• [RECORDS PROVIDED]
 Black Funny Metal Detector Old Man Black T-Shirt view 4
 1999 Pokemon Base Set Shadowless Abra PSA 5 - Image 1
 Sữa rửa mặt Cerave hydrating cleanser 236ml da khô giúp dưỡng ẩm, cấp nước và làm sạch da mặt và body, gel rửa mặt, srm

==

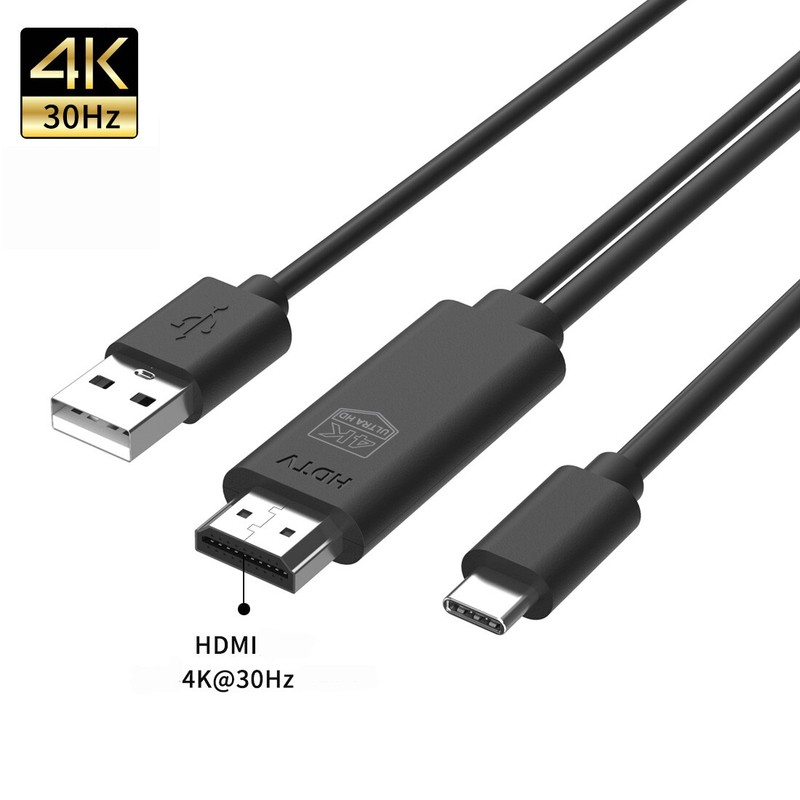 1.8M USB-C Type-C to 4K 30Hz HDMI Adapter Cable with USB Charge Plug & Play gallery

• [BRIEF] What is needed is a verbatim copy of every line in the records above from the one containing "1999 Pokemon Base" down to the one containing "Sữa rửa mặt", both included, and nothing more.

• [RESPONSE FOR THIS EXERCISE]
 1999 Pokemon Base Set Shadowless Abra PSA 5 - Image 1
 Sữa rửa mặt Cerave hydrating cleanser 236ml da khô giúp dưỡng ẩm, cấp nước và làm sạch da mặt và body, gel rửa mặt, srm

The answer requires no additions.